> **Your goal**
Transcribe only the part of the material below that begins at the line containing "电影狙击手怎么参与投资？门槛几万？在哪投·(电影《狙击手》)" and ends at the line containing "című pályázati kiírásra.", with both kept and images left out.

> **Records for this exercise**

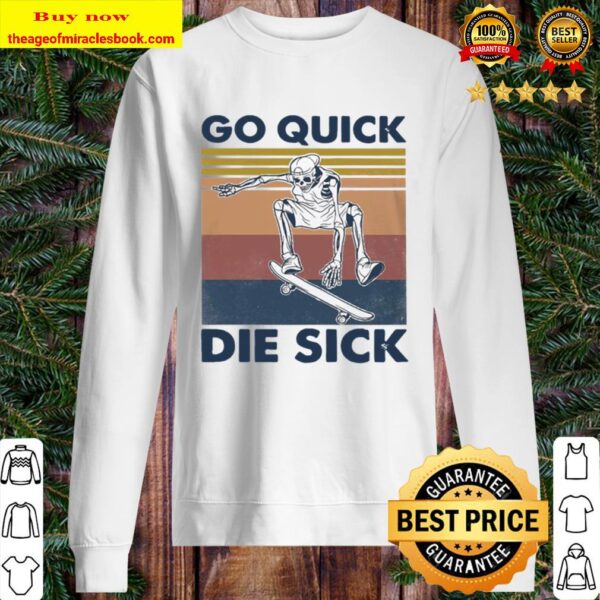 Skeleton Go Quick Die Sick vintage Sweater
---
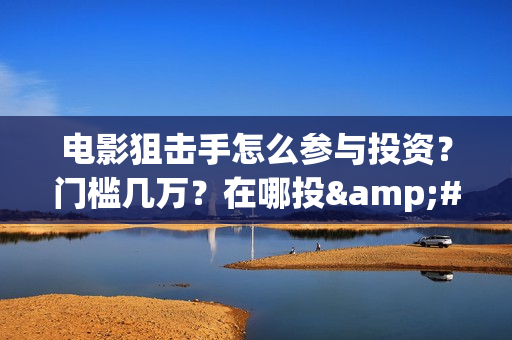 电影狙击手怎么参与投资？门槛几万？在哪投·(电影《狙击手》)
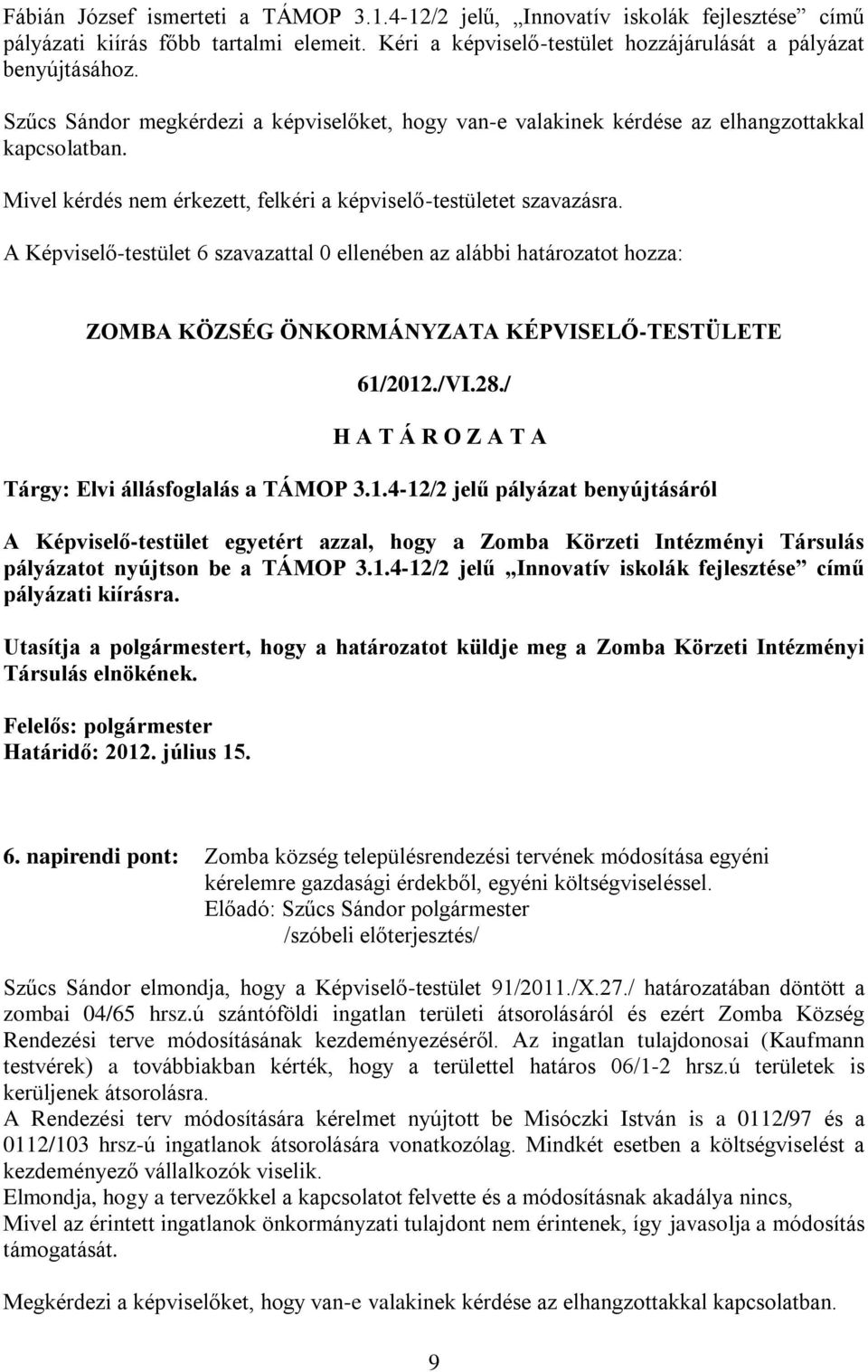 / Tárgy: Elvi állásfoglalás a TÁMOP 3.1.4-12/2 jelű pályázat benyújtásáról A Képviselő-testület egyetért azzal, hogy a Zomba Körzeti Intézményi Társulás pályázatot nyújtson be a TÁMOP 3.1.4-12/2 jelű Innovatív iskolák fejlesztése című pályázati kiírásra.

> **Your solution**
 电影狙击手怎么参与投资？门槛几万？在哪投·(电影《狙击手》)
 / Tárgy: Elvi állásfoglalás a TÁMOP 3.1.4-12/2 jelű pályázat benyújtásáról A Képviselő-testület egyetért azzal, hogy a Zomba Körzeti Intézményi Társulás pályázatot nyújtson be a TÁMOP 3.1.4-12/2 jelű Innovatív iskolák fejlesztése című pályázati kiírásra.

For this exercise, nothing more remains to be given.